Sie wurde durch das Gerücht von Arbeit, mit dessen Verdienst sie ihrem Vater unter die Arme greifen könnte, in die Mandschurei gelockt. Als sie dort ankam, war sie von japanischen Soldaten umgeben. In ihrer Gefangenschaft wurde sie mit einer Geschlechtskrankheit angesteckt, die es ihr unmöglich machte zu arbeiten. Schließlich wurde sie nach monatelanger Gefangenschaft zurück nach Korea geschickt.
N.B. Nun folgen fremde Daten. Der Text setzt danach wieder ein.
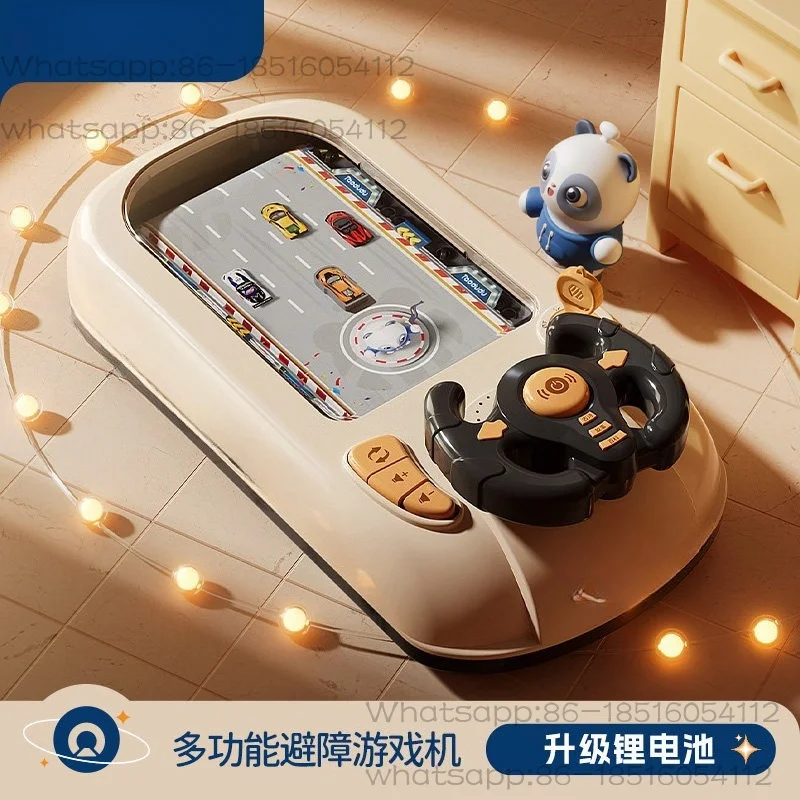 

Children's Toys Puzzle Boys aged 3 to 6 Track Racing Game Consoles June 1st Children's Day Gifts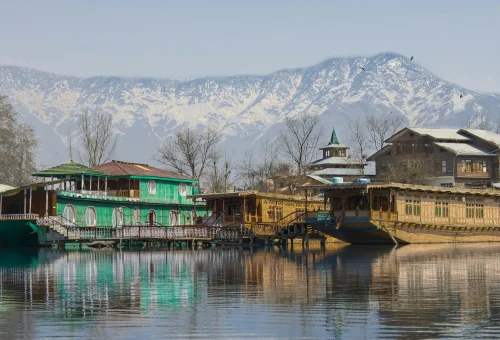 Best Srinagar Tour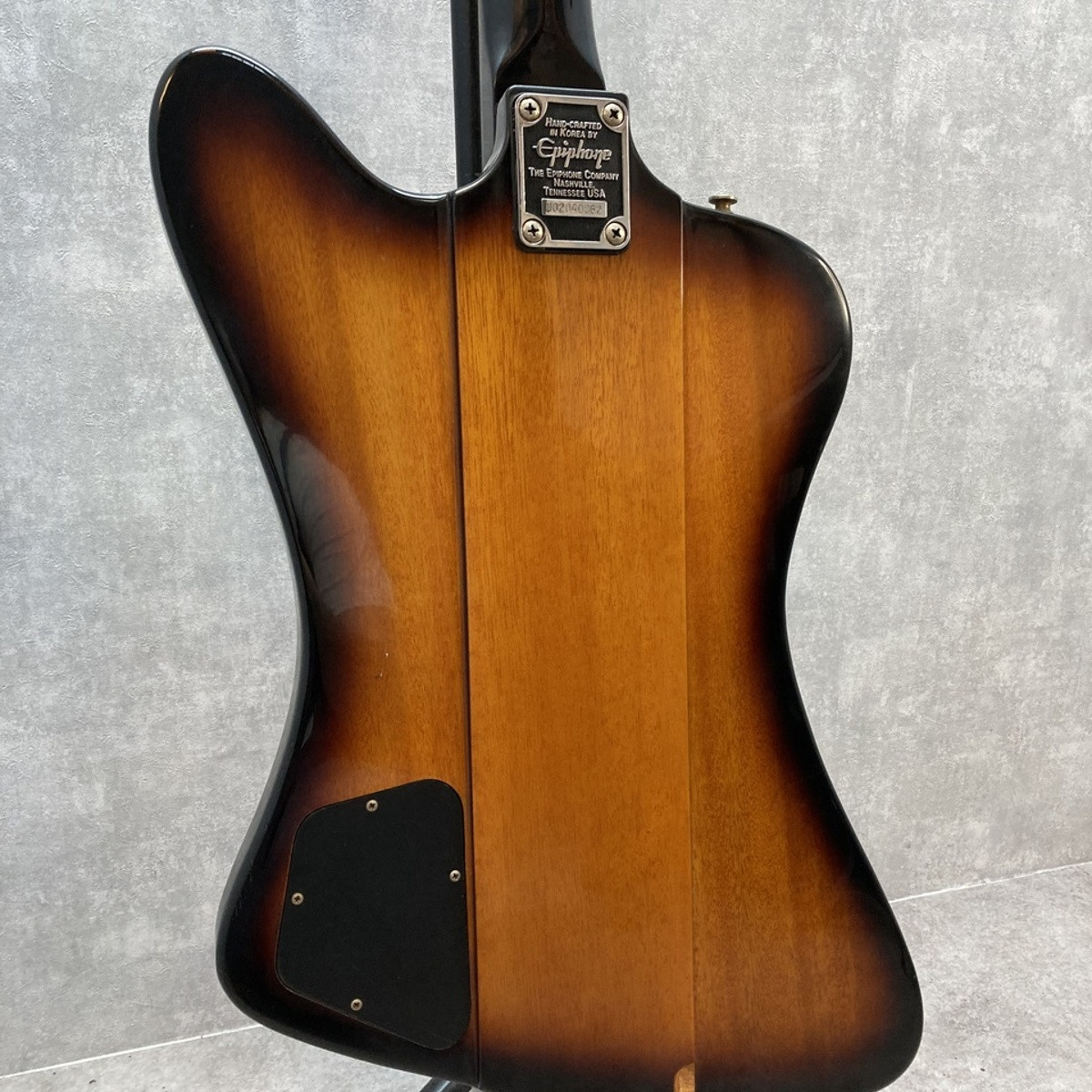 最終値下げ致します！epiphone firebird スルーネック 最終値下げ致します！epiphone firebird スルーネック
Als sie 15 Jahre alt war wurde sie nochmals erwischt und nach China verschleppt, wo sie bis zum Kriegsende unter fürchterlichen Konditionen in die Sexsklaverei gezwungen wurde. Mit einer Operation machte man sie absichtlich unfruchtbar. „Es war so eine grausame Tat. Die Japaner hätten niemals so eine abscheuliche Tat begangen, wenn es um ihre eigenen Töchter gegangen wäre. Sie verschlossen mir beide Eileitern, die später dadurch faustgroße Zysten bildeten, als ich gerade zwanzig war. Das heißt ich war von innen verstümmelt seit ich fünfzehn Jahre alt war.“ Durch die Teilung Koreas konnte sie ihre Familie im Norden nie wiedersehen.
Mit 30 Jahren adoptierte sie ihren Sohn, der ihr die Kraft gab, nicht aufzugeben. Das Schicksal der damaligen „Trostfrauen“ wurde erst im Jahr 1991 durch die mutige Zeitzeugin, Kim Hak-soon enthüllt. Frau Gil überwand 2003 die Angst, öffentlich über Ihr Schicksal zu sprechen. Seither engagiert sie sich für den Frieden und hilft anderen Opfern sexueller Gewalt. Sie ist eine der Ideengeberinnen des Schmetterlingsfonds: Zusammen mit Frau Kim Bok-dong wollte sie alles Geld, was sie je von der japanischen Regierung bekommen würden, für andere Opfer sexueller Gewalt spenden. Da man nicht wusste, wann das eintreffen würde, wurde der Schmetterlingsfond ausgerufen und die gesammelten Spenden unterstützen Frauen und Mädchen aus Vietnam und aus dem Kongo.
Frau Gils Engagement z.B. bei den Mittwochsdemonstrationen der ehemaligen „Trostfrauen“ in Südkorea vor der japanischen Botschaft verhilft ihr nun zu einem glücklichen Leben.
Foto von Tsukasa Yajima: Frau GIL Won-ok auf dem Friedensfestival 2010 in Berlin
MARWA AL-ALIKO
Frau Marwa al-Aliko ist ein 23 Jahre junges ezidisches Mädchen aus Shingal (Til-Keseb). Im Alter von 21 konnte sie aus den Fängen der IS-Terroristen befreit werden. Drei Monate voller Qualen war sie in Gefan-genschaft als Sexsklavin gehalten und an mehrere IS-Terroristen weiter-verkauft worden. In dieser Zeit war sie grausamer Gewalt bis hin zu Vergewaltigungen ausgesetzt.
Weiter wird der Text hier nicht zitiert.